EXERCISE INPUTS:
=======

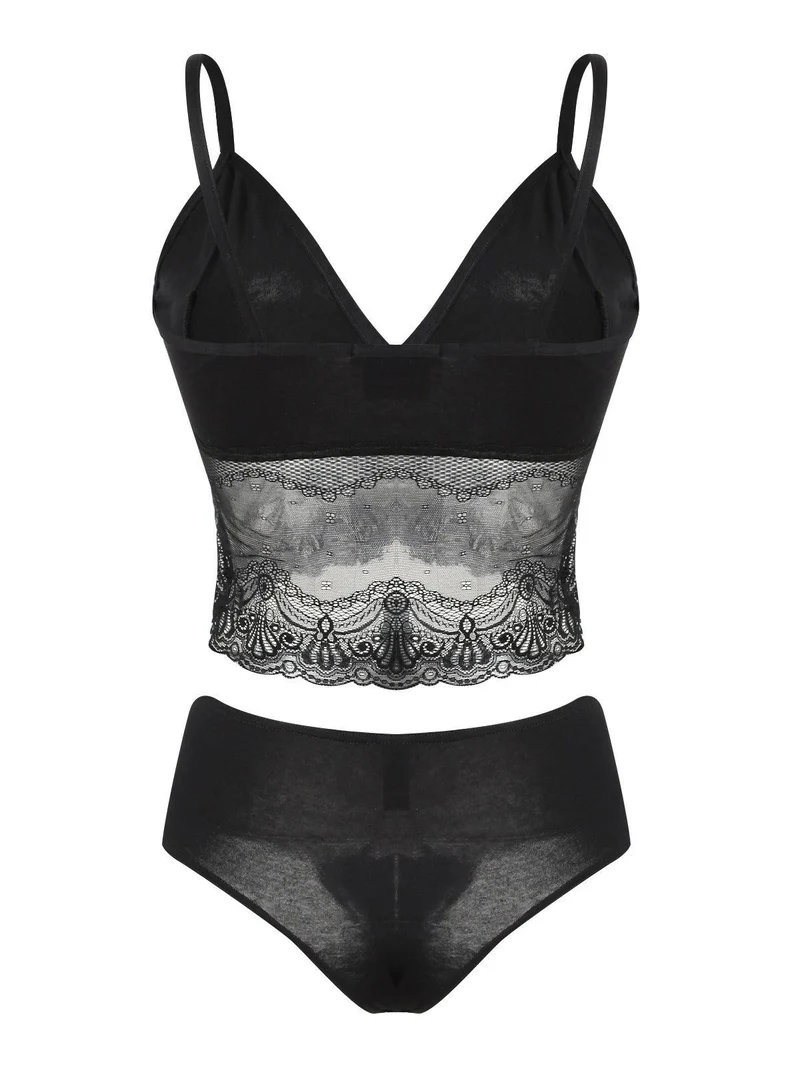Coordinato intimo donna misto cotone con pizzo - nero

=======

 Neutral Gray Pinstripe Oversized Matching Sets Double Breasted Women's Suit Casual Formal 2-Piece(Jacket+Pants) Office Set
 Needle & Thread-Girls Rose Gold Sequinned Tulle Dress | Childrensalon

=======

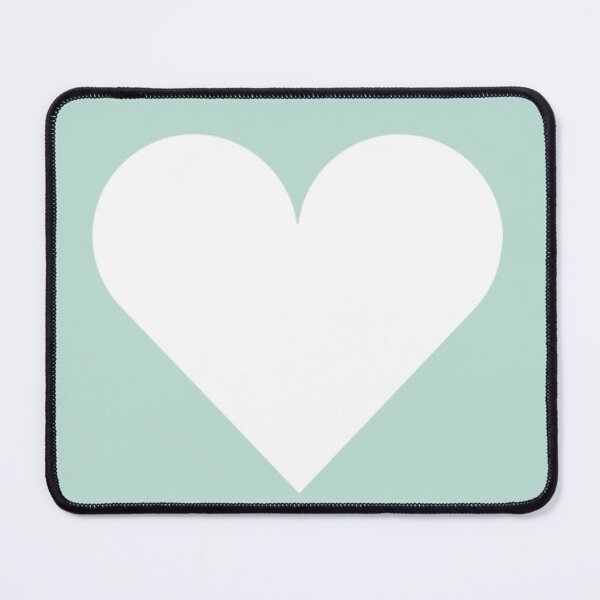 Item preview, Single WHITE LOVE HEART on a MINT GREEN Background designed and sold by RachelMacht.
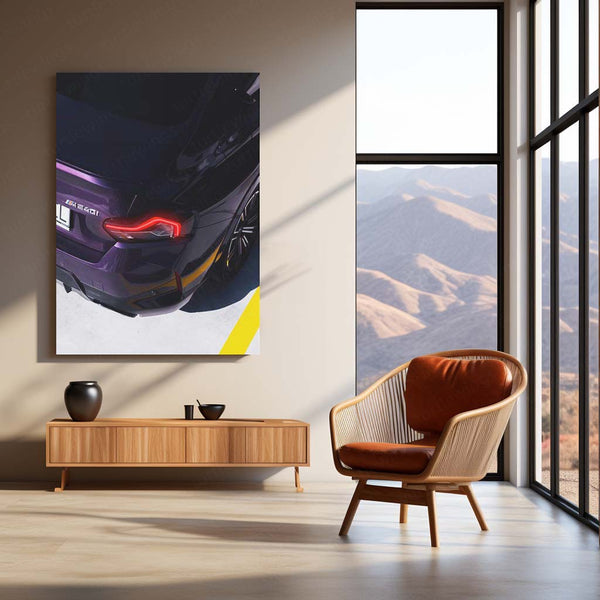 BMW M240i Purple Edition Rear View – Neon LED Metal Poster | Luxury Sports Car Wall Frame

=======

Reproduce the listing above only between the lines holding "Item preview, Single" and "BMW M240i Purple", inclusive. Every line must match exactly, and pictures are dropped.

FINISHED EXERCISE:
 Item preview, Single WHITE LOVE HEART on a MINT GREEN Background designed and sold by RachelMacht.
 BMW M240i Purple Edition Rear View – Neon LED Metal Poster | Luxury Sports Car Wall Frame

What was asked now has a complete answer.